To use words as 'obvious choice' and 'unambiguously better' is in most
cases wrong. I believe your conclusions are thus not quite right:
There's quite a lot we need to convince end users of.

Cheers,
Claus



On Thu, 08 Dec 2005 16:28:05 -0500
Dan Winship <danw novell com> wrote:

Sri Ramkrishna wrote:
I met the guy who did firefox's community (and release manager I
believe)stuff (and I think marketing) at OSCON.  He said he would be
happy to talk with us about what he did to help Firefox.

Gnome is not like Firefox. End users can see an ad for Firefox, decide 
that it's cool, download it, install it, and go. But end users can't 
download and install "Gnome". The closest they can come is to download 
and install a Linux distribution that is *based on* Gnome, which (even 
ignoring the huge difference in scale between a web browser and a 
distro) is a totally different thing. How would we tell users to install 
GNOME if we had a New York Times ad? Would we pick a preferred distro? 
Or let anyone who wanted to contribute money to the ad be able to put in 
a plug for their distro (even if that distro was really hard to install 
and was likely to end up driving users away)?
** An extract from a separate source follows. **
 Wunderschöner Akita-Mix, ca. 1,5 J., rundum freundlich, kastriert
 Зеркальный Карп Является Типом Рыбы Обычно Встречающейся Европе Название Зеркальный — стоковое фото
We can't sell ourselves directly to end users. We need to sell ourselves 
to Linux distros, and get them to sell *themselves* to end users. We're 
not like Firefox, we're like Intel! [Cue "Intel Inside" chimes] The vast 
majority of our "customers" don't "buy" our product directly, they're 
getting it as an integral part of someone else's product. Even if they 
do understand that this other product contains our product, they aren't 
going to be able to explain exactly what our part does for the combined 
product, where our part of the product ends and the other vendor's part 
begins, or how the possible alternatives to our product would make 
things different for them. At best, they'll be able to say "well, this 
one has 2.8 and that other one has 2.6, so I'll get this one because it 
has a bigger number!"

Of course, this doesn't necessarily mean we want to market ourselves the 
same way Intel does. Intel definitely markets itself to end users, but 
that's just part of its strategy to sell chips to PC manufacturers, who 
are its real customers. By convincing end users that PCs with Intel 
chips are better/faster/more-likely-to-get-them-laid than PCs with AMD 
chips, they keep the demand for Intel-based PCs high, which keeps the 
manufacturers buying lots of chips, which keeps Intel in business.

We could apply the same technique: convince end users that GNOME is 
better for them, so that they will preferentially install distros that 
use GNOME, so that distros (our real customers) will use GNOME as their 
preferred desktop. But there's a problem. (Sri, you might want to stop 
reading here :-). Intel only markets itself to end users because its 
products *aren't* any better than its competitors'. If their chips were 
unambiguously better than AMDs, then the PC manufacturers wouldn't need 
to be convinced to stay with Intel, it would just be the obvious choice.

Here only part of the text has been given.